Pros and Cons of Curtain Walls

Curtain walls are the most common building facade systems. They are used in both low-rise and high-rise buildings. They are defined as non-structural cladding systems that are attached to the exterior side of the primary structure of the building. The primary function of the curtain wall is to provide protection from outside elements against weather, heat, and sound and also to provide an aesthetic look to the building.

Curtain walls are more commonly used in commercial buildings because they give a sleek, contemporary look to any building. Curtain walls are easy to install and they have a long life. Curtain walls also offer a variety of options when it comes to design, color, and texture thus allowing for increased creativity in architectural design.

What are curtain walls?

A curtain wall is a glazed building facade that is not a part of the building’s structure. In other words, it is an outer covering of a building in which the outer walls are non-structural, but serve only to keep the weather out and the occupants in. As such, curtain wall systems are typically lightweight aluminum-framed walls containing glass, metal panels, or thin stone. The aluminum framing can be either extrusion or stick fabricated systems.

The primary function of a curtain wall system is to provide weather protection while allowing natural light into the building; however, they can also serve as an aesthetic element to beautify a building. Curtain walls allow for a wide expanse of glass with narrow framing members and minimal mullions (thin vertical structural dividers that separate the window units). Aesthetically pleasing exteriors can be achieved with this glass construction method, which gives buildings a modern appearance.

Curtain walls are non-structural but they still play a major role in the overall look of a building. Typically made of glass and aluminum, they allow natural light to enter the building and give it a sleek, modern look. But you’ll want to consider them carefully before making a decision on whether to use them. Here are some pros and cons of curtain walls you’ll want to consider.

Pros of Curtain Walls

1) Curtain Walls give a modern look to any building and can change the whole appearance of an older building. Curtain walls can be made up of various materials like glass, steel, aluminum, or granite which gives multiple options for creating interesting designs.

2) Curtain walls allow light into a building without letting in too much heat or UV rays which helps in saving electricity on lighting and air conditioning costs. The use of high-performance glass in curtain walls helps in controlling solar gain while still allowing a maximum view.

3) Curtain walls offer good resistance to wind and water infiltration. A curtain wall is designed to resist air and water infiltration, absorb wind-induced oscillations and seismic forces acting on the building, resist wind loads and support its own load forces.

4) Other than its own dead load weight, the curtain wall facade carries no dead load weight from the building.

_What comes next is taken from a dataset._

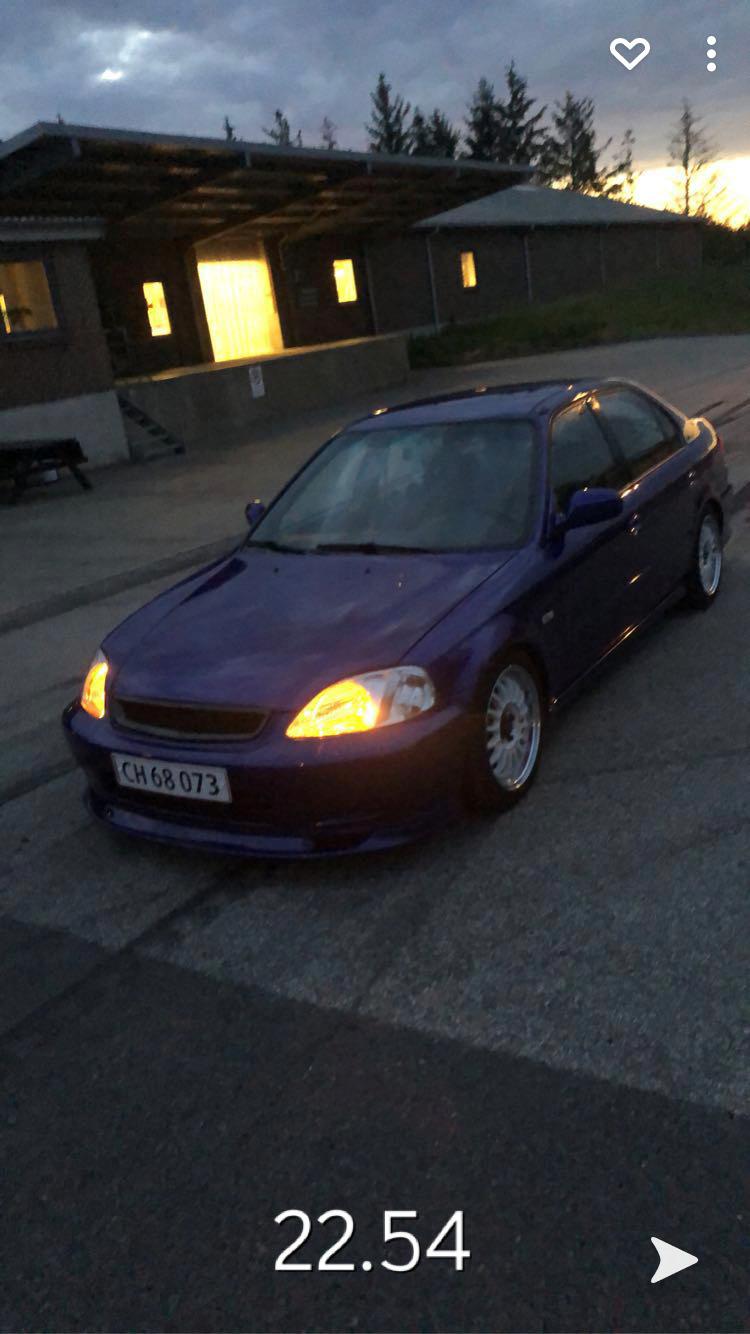 Honda Civic Ek4  billede 3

The wall transfers horizontal wind loads incident on it to the main building structure via connections at the building’s floors or columns.

5) Curtain walls have a simple, lightweight structure. The systems can cover large areas, and most curtain wall systems are designed to be installed in modules.

6) Curtain walls may be glazed with multiple panes of glass or other materials for better thermal performance and noise control.

Cons of Curtain Walls

Like any building system, there are drawbacks to curtain walls.

1) One of the biggest problems with curtain walls relates to the construction process. Because of the way that they attach to the building, curtain walls tend to be at least partially constructed before the building is finished. This creates a number of logistical and engineering problems that can be costly, especially on large buildings where they may be significant curved sections.

2) Another issue with curtain walls is their nature as a non-structural element. They must be designed to work with bracing elements such as concrete or steel beams, which adds cost and complexity to the design process.

3) Curtainwall systems are typically custom-fabricated for each project and are therefore more expensive to produce than some other façade systems. Certain curtainwall types or features may also necessitate additional testing.

4) Curtainwalls are not suitable for use with all building types, such as those with deep floor plates or irregularly shaped floor plates.